Writing Contests—Are They Worth Entering?
An email from a literary journal, announcing an extension on their fiction contest made me wonder how many of you have entered such contests over the years. I’m referring to contests for unpublished manuscripts. To my knowledge, publishing companies submit books for awards on the author’s behalf–that was certainly the case with my book.
I know many people have thoughts on writing contests. While some people think they aren’t worth the entry fee, many think that these contests can help your career along. (Of course, this would only true if you win or final in one.)
Truthfully, I have entered very few contests over the years. I often questioned the judging process not to mention that every contest requires an entrance fee. This fee could be anywhere from $25 -$40, maybe even more. This is often the subscription price of literary magazines and you also end up with a year’s subscription. If you’re planning on subscribing to a particular magazine, then entering a contest might be well worth the money. Years ago when I was first getting my work out there, I often didn’t have the money to spend on entry fees. My kids were small and we were a one-income household. We had a mortgage. I could go on. The few contests I entered were those with very modest entry fees.

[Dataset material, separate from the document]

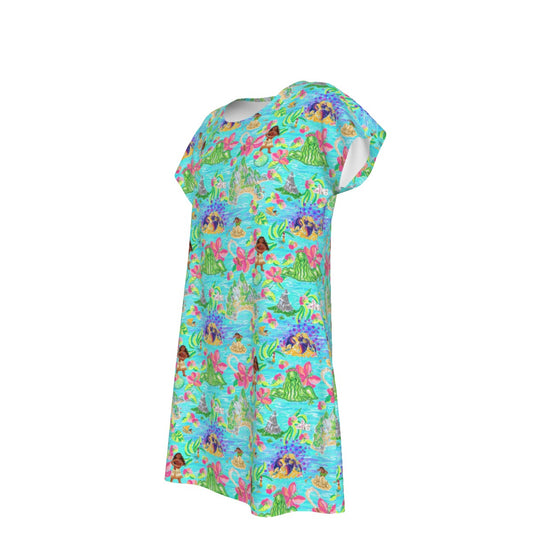 Tropical Island Paradise - Women's T-Shirt Dress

While I know some people argue the point that these contests are worth your time and money to enter, I seriously wonder how true this is. I’ve known people who have won such contests, but still had problems finding a publisher for longer works. It seems to me that publishers make their decision to publish by evaluating the submission that is before them. While having won a writing contest might look good on your bio, is a publisher going to publish your book because of some contest you won five years ago?

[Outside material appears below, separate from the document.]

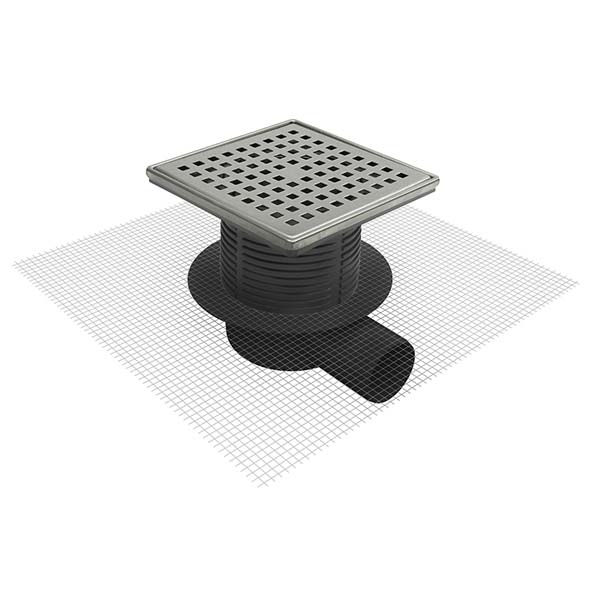 İnovas 150x150mm Paslanmaz Çerçeveli File Etekli Gövde Set Y.Ç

Here are some of my thoughts:
When we submit our work to a literary magazine it is already being judged against hundreds of other stories. I’ve had literary magazines tell me they receive 1200 + submissions in a year and publish about 30 so when one of my stories made it in their publication I felt like a winner. Whoopee! Best of all, it didn’t cost me a cent. Being in the top 30 out of over 1200 submissions wouldn’t mean I’d have won first place had it been a contest. It wouldn’t even mean I’d place. I also found that as my work improved, I’d receive valuable feedback from editors who made suggestions or told me a particular story almost made it. Let me tell you those comments were like gold.

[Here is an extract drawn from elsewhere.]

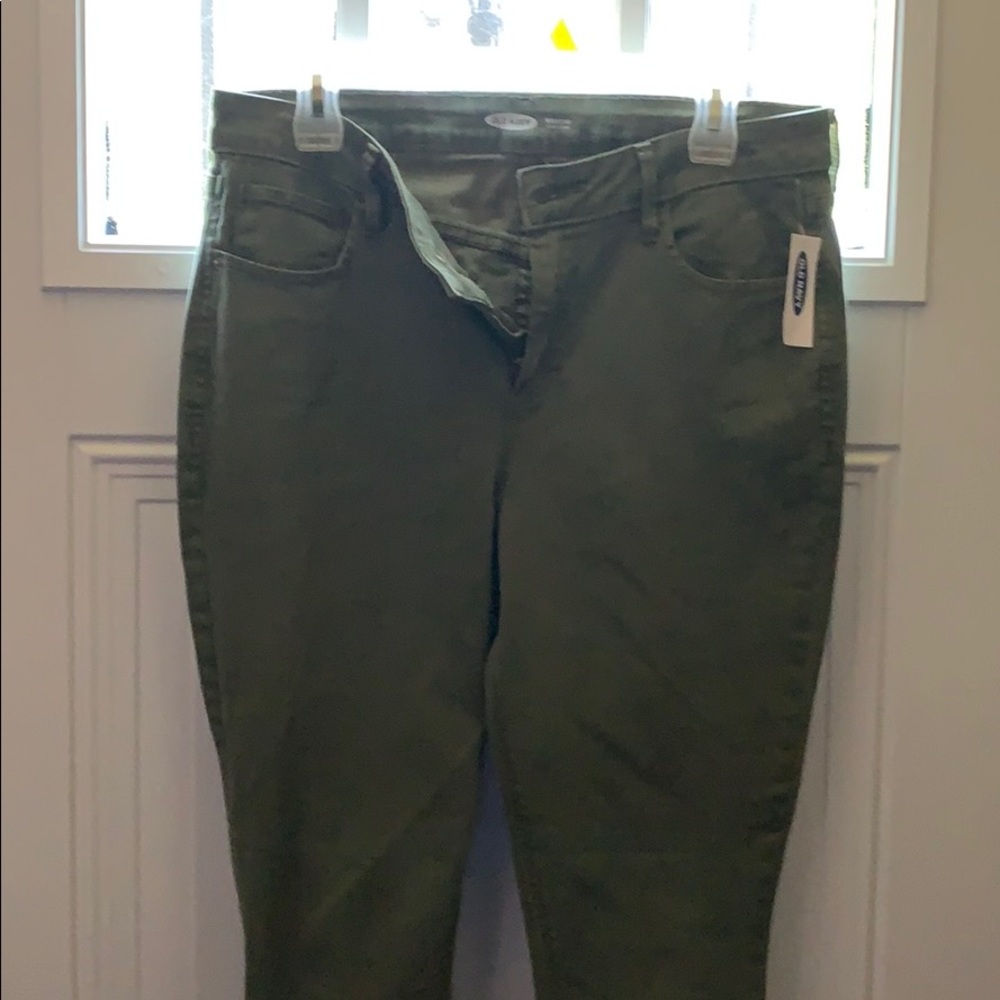 Old navy olive green jeans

For every contest there are winners and losers. Had I only submitted to contests, and never placed, I might have come to the conclusion that my writing was no good. I might have given up. So while entering contests may be something you love to do, I would caution you not to become discouraged if you don’t final. Failing to final doesn’t mean your story sucked.
Occasionally a contest will offer feedback on your work. This is something that could prove to be quite valuable. Let’s be honest, feedback from our friends isn’t always helpful since our friend’s judgement could be clouded. (I’m sure my mom would love every bit of drivel I wrote, regardless of how bad it might be.) If you’re looking for feedback, and a particular contests offers this, then it may be worth entering. Truthfully, the contests I entered over the years didn’t offer any feedback. So make sure you understand if feedback is being offered if that’s what you want.
What are your thoughts on writing contests, are they a good idea or a waste of time and money? Do you regularly enter them? Have you entered them in the past?